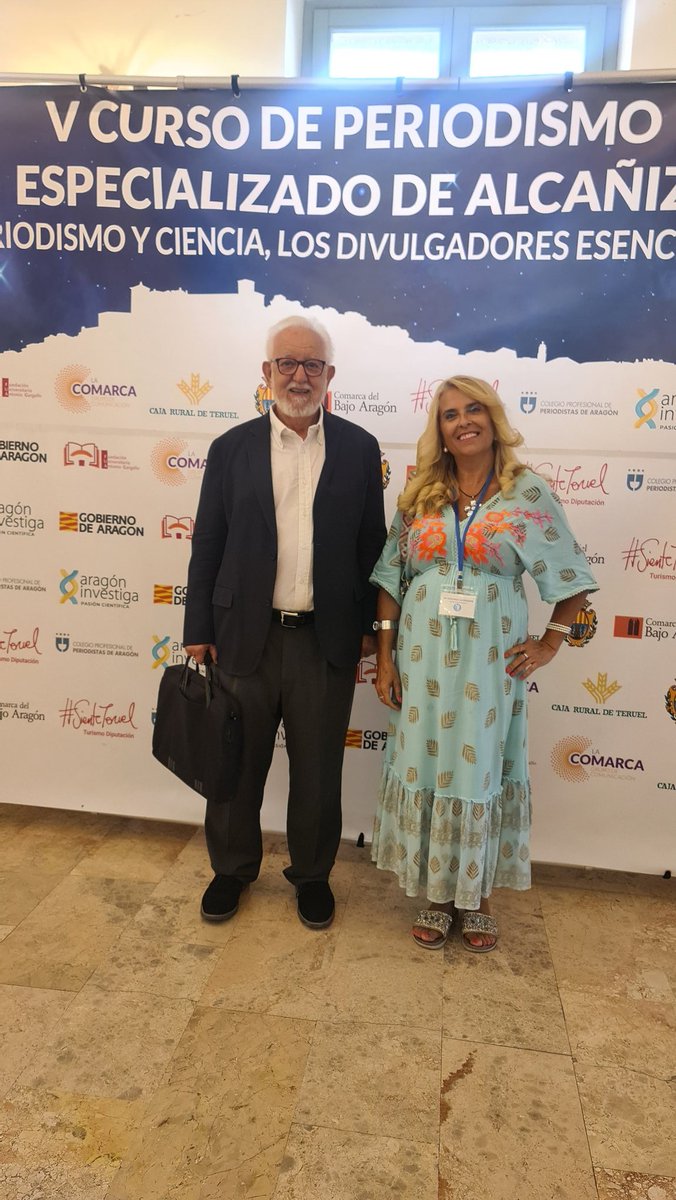 dcalomarde's tweet image. Encantada en el "V Curso de periodismo científico de #Alcañiz" : La ciencia como modelo de desarrollo. 
El extraordinario caso de #CEFCA y #Galáctica #Teruel 
Conferencia inaugural con el astrónomo #MarianoMoles #PeriodismoAlcañiz2023
@copbaragon #biología #periodismo #ciencia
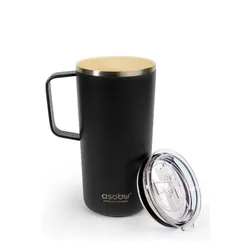 Kubek termiczny ceramiczny Asobu Tower 0,59 l - black
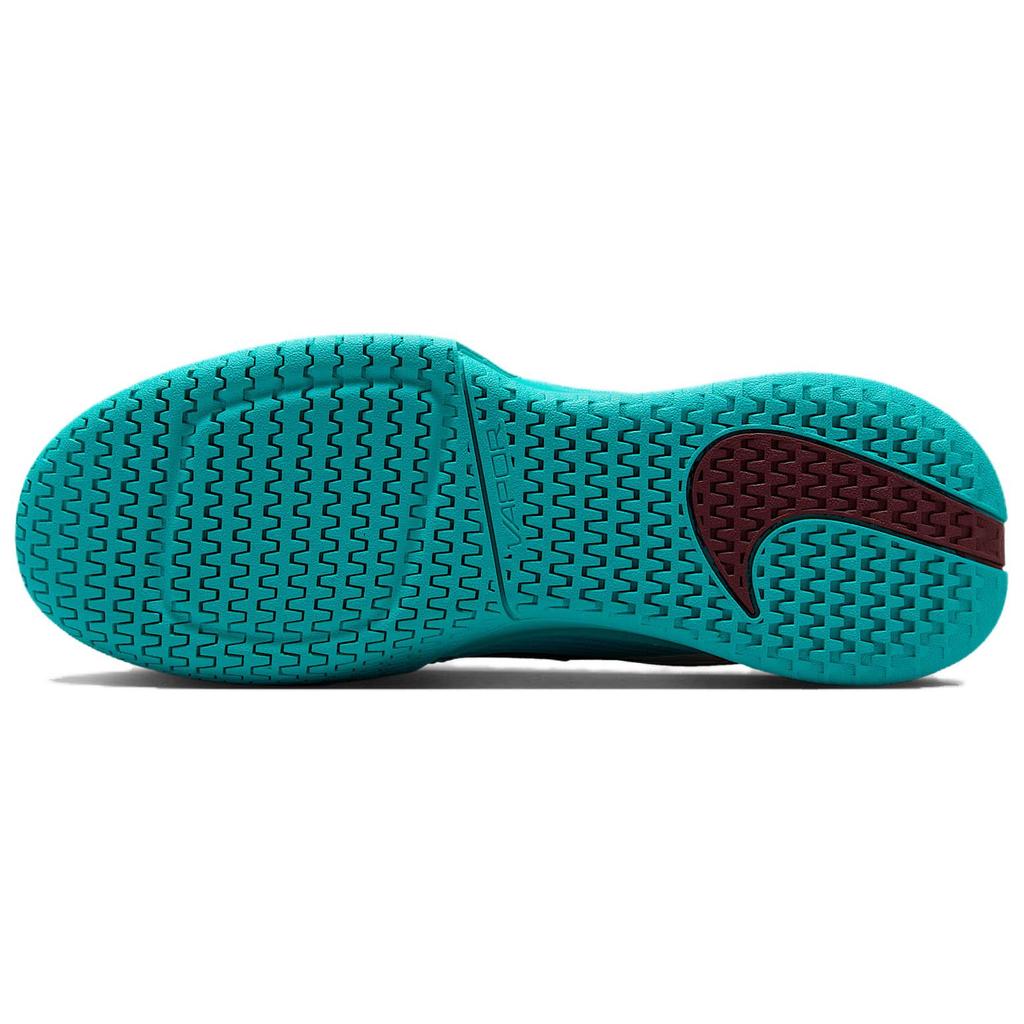 Nike Court Air Zoom Vapor Pro 3 Premium HC Dusty Cactus Dark Team Red Damesneakers Blå Blekhvit Metallisk-Sølv HJ6641-300
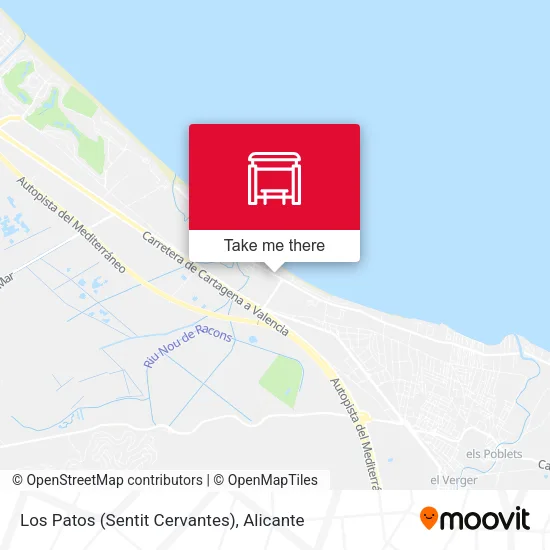 Los Patos (Sentit Cervantes) map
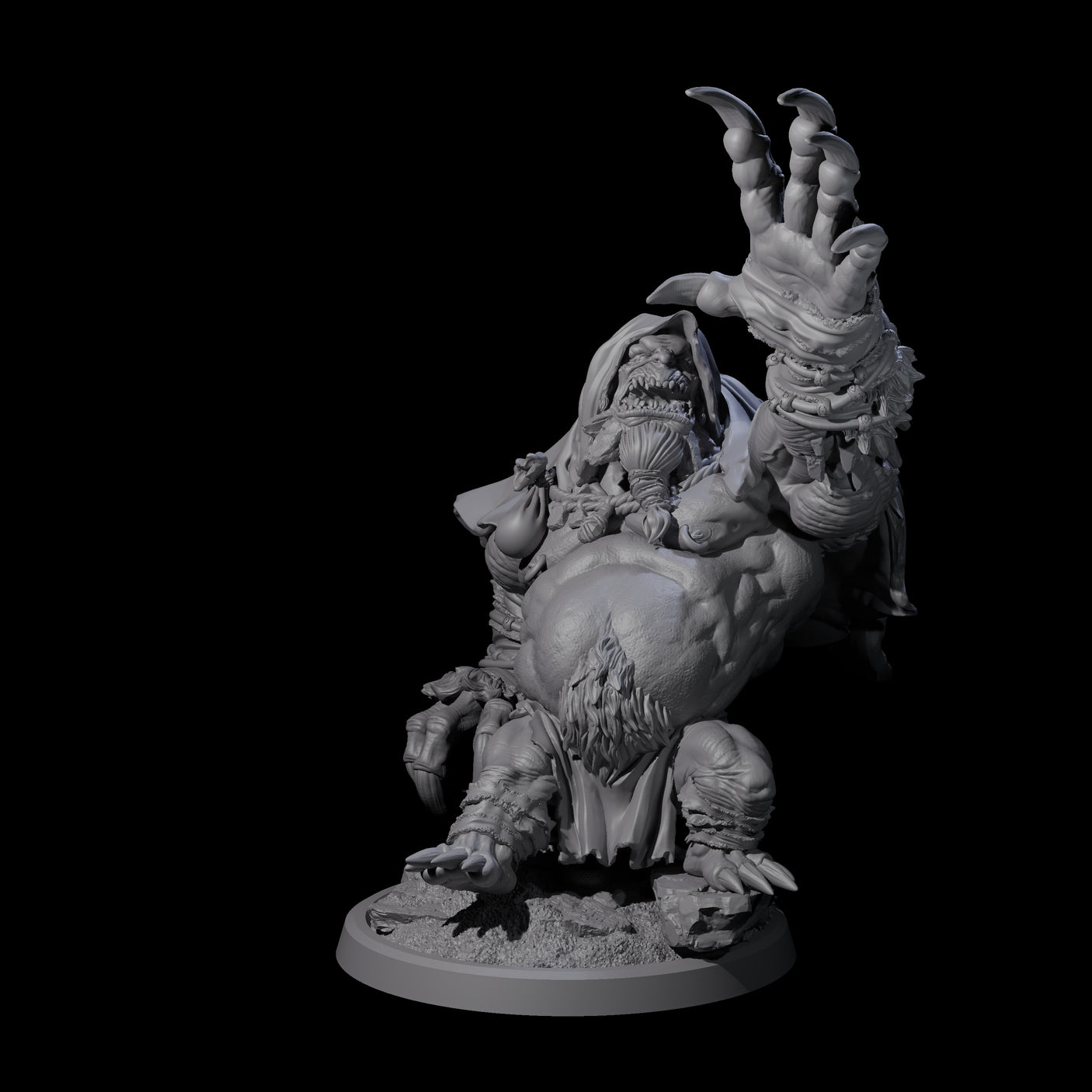 Twisted Fomorian D Miniature for Dungeons and Dragons, Pathfinder or other TTRPGs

=======

→ **How to complete this task**
Return, exactly as they stand, all of the lines above, but not the pictures.

→ **Solution to this exercise**
 dcalomarde's tweet image. Encantada en el "V Curso de periodismo científico de #Alcañiz" : La ciencia como modelo de desarrollo. 
El extraordinario caso de #CEFCA y #Galáctica #Teruel 
Conferencia inaugural con el astrónomo #MarianoMoles #PeriodismoAlcañiz2023
@copbaragon #biología #periodismo #ciencia
 Kubek termiczny ceramiczny Asobu Tower 0,59 l - black
 Nike Court Air Zoom Vapor Pro 3 Premium HC Dusty Cactus Dark Team Red Damesneakers Blå Blekhvit Metallisk-Sølv HJ6641-300
 Los Patos (Sentit Cervantes) map
 Twisted Fomorian D Miniature for Dungeons and Dragons, Pathfinder or other TTRPGs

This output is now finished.